Carmen Lydia Meirelles, presidente do Instituto do Café da Chapada de Minas (ICCM) há oito anos, celebra a conquista: “O café trouxe uma nova mentalidade para os produtores e, hoje, sermos uma Indicação de Procedência é uma alegria muito grande”. Segundo ela, este reconhecimento consolida um trabalho de anos em parceria com o Sebrae, incluindo a participação em eventos como a Semana Internacional do Café para demonstrar a qualidade dos grãos da região.
Impacto econômico e social das Indicações Geográficas
As Indicações Geográficas representam muito mais que um selo de qualidade.
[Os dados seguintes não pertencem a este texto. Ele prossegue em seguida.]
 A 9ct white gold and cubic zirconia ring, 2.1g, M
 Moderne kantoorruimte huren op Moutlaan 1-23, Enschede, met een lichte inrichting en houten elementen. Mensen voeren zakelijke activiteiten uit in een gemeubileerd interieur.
Para os produtores, significam:
- Valorização do produto no mercado
- Diferenciação competitiva
- Proteção da reputação regional
- Fortalecimento da identidade territorial
- Desenvolvimento sustentável da região
O Sebrae, parceiro histórico dos pequenos cafeicultores, atua em mais de 40 territórios produtores de café no Brasil, com atendimento direto a 5,8 mil produtores em todo o país. Esta atuação é fundamental considerando que o Brasil possui cerca de 300 mil propriedades rurais cafeeiras, das quais aproximadamente 70% pertencem à agricultura familiar.
Brasil como potência em cafés com origem controlada
Hulda Giesbrecht, coordenadora de Tecnologias Portadoras de Futuro do Sebrae Nacional, destaca que “o café com origem controlada se tornou um motor de transformação social, econômica e ambiental”. Para ela, o apoio à gestão das IGs e à adoção de práticas sustentáveis é fundamental para atender às crescentes exigências socioambientais do mercado internacional.
Com a inclusão do café da Chapada de Minas, o número total de IGs nacionais sobe para 156, sendo 124 do tipo Indicações de Procedência (IP) e 32 Denominações de Origem (DO). Este crescimento demonstra o amadurecimento do sistema brasileiro de proteção e valorização de produtos com características territoriais específicas.
A conquista da IG pela Chapada de Minas representa não apenas o reconhecimento da qualidade de seus cafés, mas também um exemplo de como a organização produtiva, o apoio técnico e a valorização da origem podem transformar territórios e gerar desenvolvimento sustentável para as comunidades rurais.